___ EXERCISE MATERIAL

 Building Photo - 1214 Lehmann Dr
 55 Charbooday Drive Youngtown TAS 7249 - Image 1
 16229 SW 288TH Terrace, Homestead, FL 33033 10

______
___ EXERCISE MATERIAL

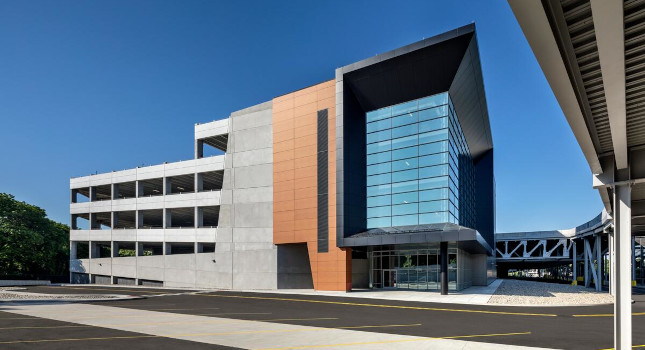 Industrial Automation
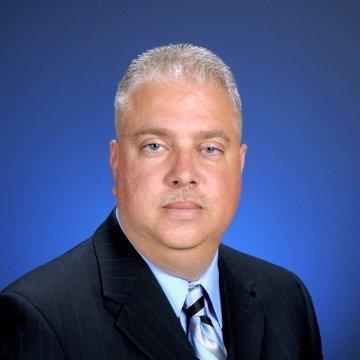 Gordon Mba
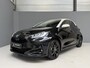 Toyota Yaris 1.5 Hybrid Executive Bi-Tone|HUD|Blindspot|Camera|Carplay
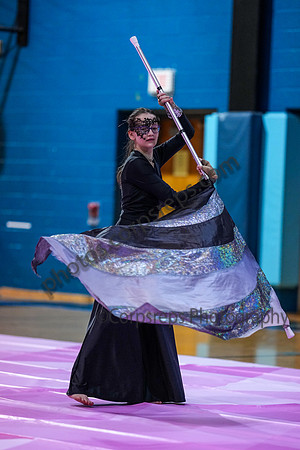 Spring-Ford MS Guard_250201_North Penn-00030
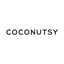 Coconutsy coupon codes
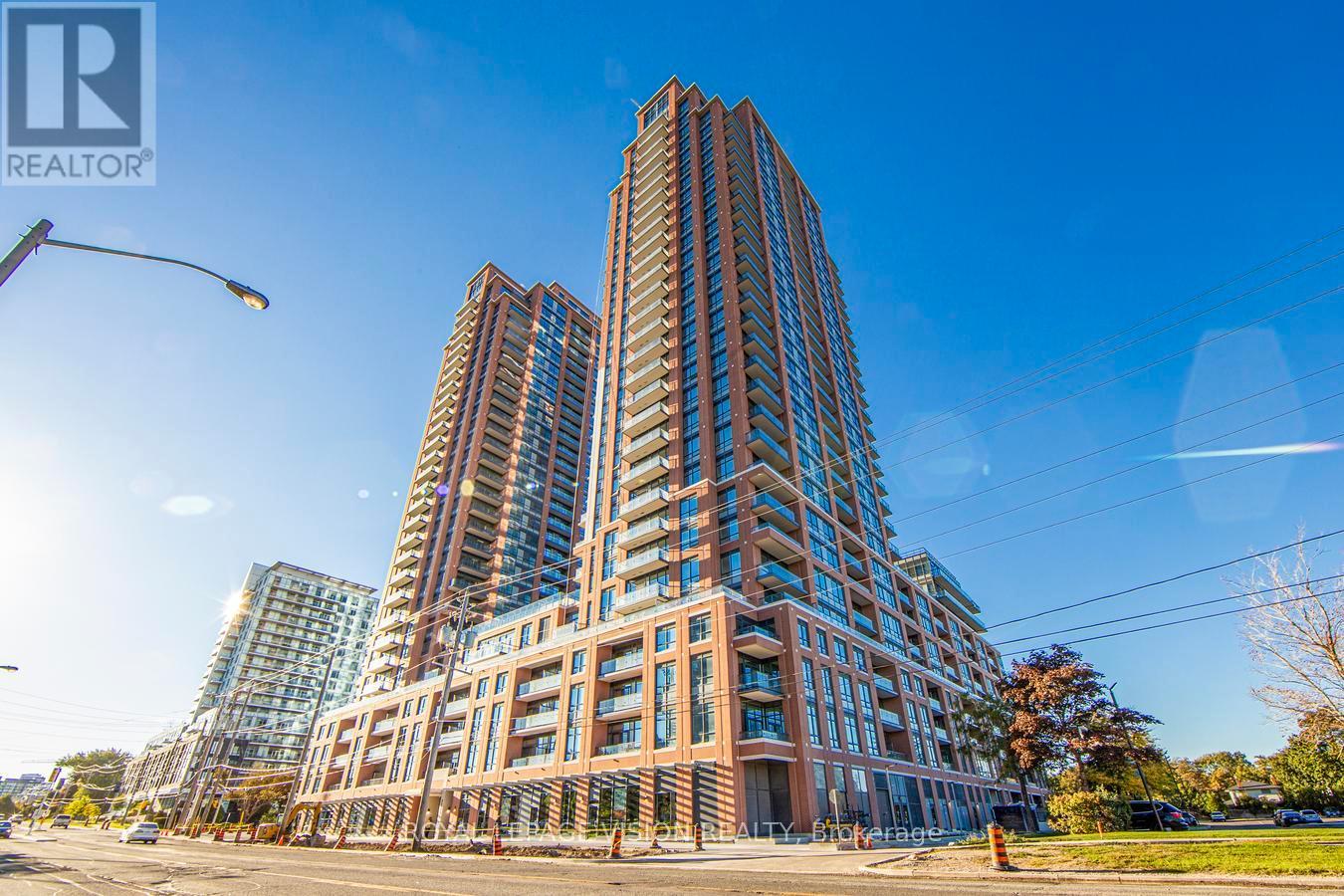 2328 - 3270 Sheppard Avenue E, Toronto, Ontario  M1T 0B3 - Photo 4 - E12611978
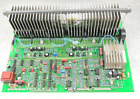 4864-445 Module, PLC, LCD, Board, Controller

______
___ EXERCISE MATERIAL

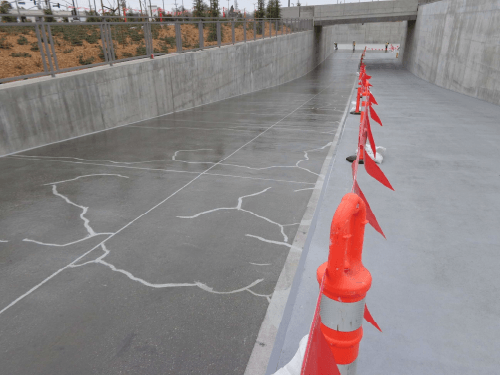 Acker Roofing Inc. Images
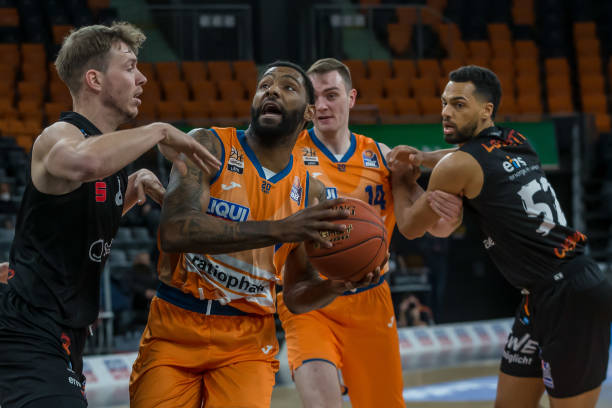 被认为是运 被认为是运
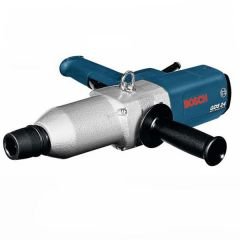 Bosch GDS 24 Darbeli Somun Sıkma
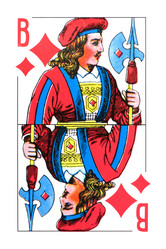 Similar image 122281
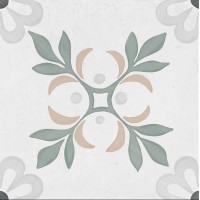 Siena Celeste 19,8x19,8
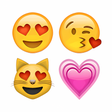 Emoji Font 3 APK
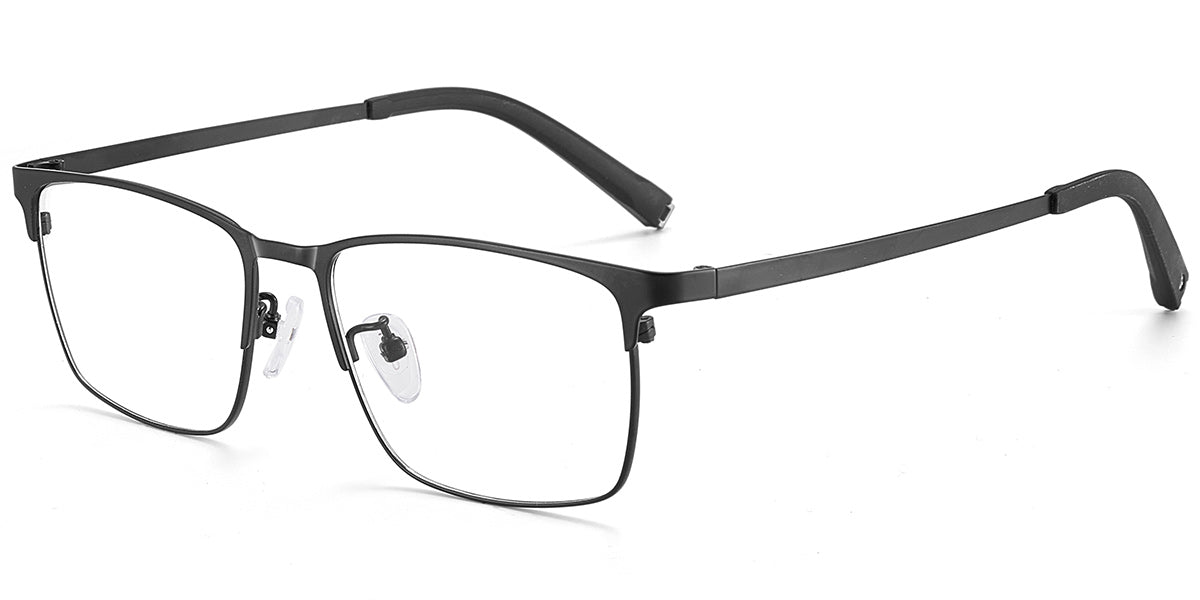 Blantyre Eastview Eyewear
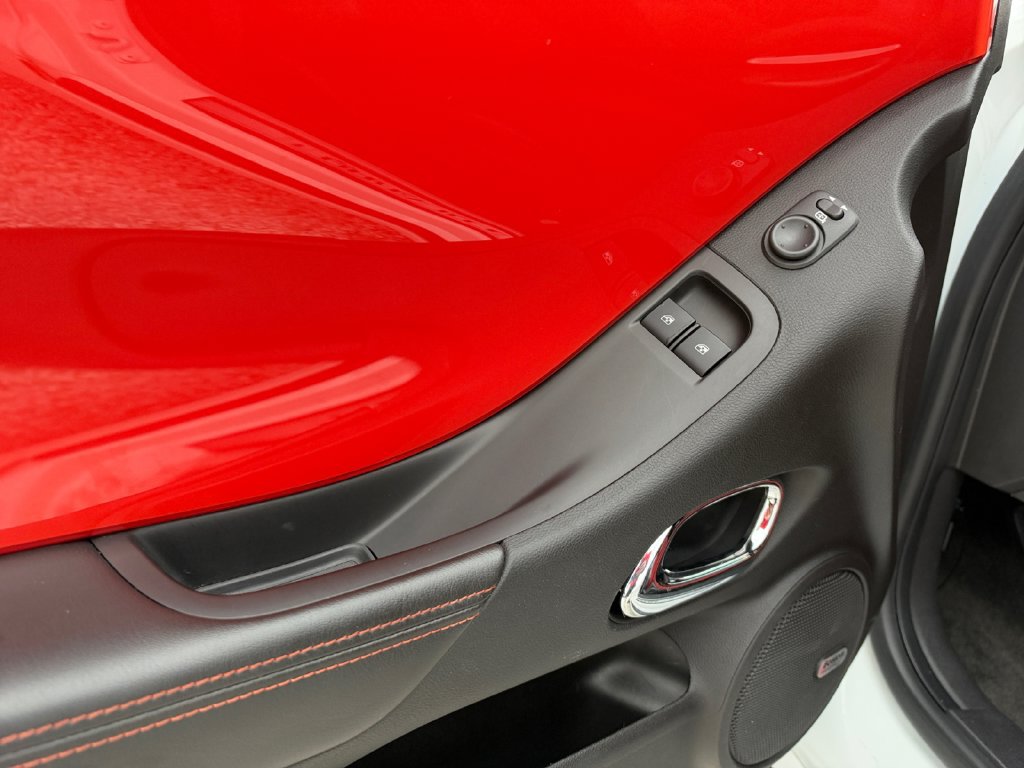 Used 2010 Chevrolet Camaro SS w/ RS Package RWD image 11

______

**PROBLEM**
Given the entries above, transcribe exactly the lines from the one holding "Acker Roofing Inc. Images" through the one holding "Used 2010 Chevrolet"; pictures do not belong in the transcription.

**RESPONSE BELOW**
 Acker Roofing Inc. Images
 被认为是运 被认为是运
 Bosch GDS 24 Darbeli Somun Sıkma
 Similar image 122281
 Siena Celeste 19,8x19,8
 Emoji Font 3 APK
 Blantyre Eastview Eyewear
 Used 2010 Chevrolet Camaro SS w/ RS Package RWD image 11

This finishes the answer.